Wednesday, February 25, 2009


One of my favorite sources on leadership skills, Dale Carnegie, a master of the positive, wrote timeless principles on influence and leadership in his famous book, “How to Win Friends and Influence People”. Although Mr. Carnegie died in 1955, his legacy continues through his work which is just as relevant today as when first written in 1936.

Here is an excerpt from his book.

“Principle 1: Don’t Criticize, Condemn or Complain

Criticism is futile because it puts a person on the defensive and usually makes him strive to justify himself. Criticism is dangerous, because it wounds a person’s precious pride, hurts his sense of importance and arouses resentment.

Benjamin Franklin, tactless in his youth, became so diplomatic, so adroit at handling people, that he was made American ambassador to France.
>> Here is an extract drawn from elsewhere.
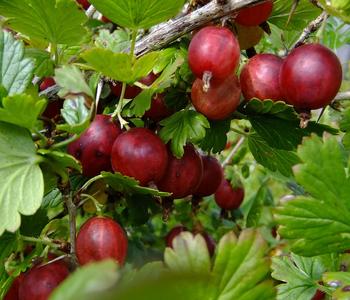 Stachelbeere 'Hinnonmäki', Busch von Dehner, Rot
The secret to his success? “I will speak ill of no man,” he said, “and speak all the good I know of everybody.” Any fool can criticize, condemn and complain. But it takes character and self-control to be understanding and forgiving.”

Here are some of Dale Carnegie’s points on influence and leadership

“Don’t point out when people are wrong. Respect differing viewpoints.”

“When you are wrong, admit it emphatically and move on.”

“You will get more in business with honey than vinegar. Be friendly and gentle.”

“Let the other person talk more than you do. Listen fully.”

“Lead people to the conclusion you want by making suggestions, but ultimately let a person feel the idea was his or hers.”

“Believe people are inherently good and honest.”

“Use questions to lead people instead of giving direct orders.”

“Be supportive and make mistakes seem easy to correct.”

“See the best in people and then they will rise to your expectation.”

According to Gary Convis, a piece of key leadership advice was given to him by Kan Higashi (Both were senior NUMMI leaders), “lead the organization as if you have no power.”

The ability to influence is one of the core skills we need to master on our lean journey.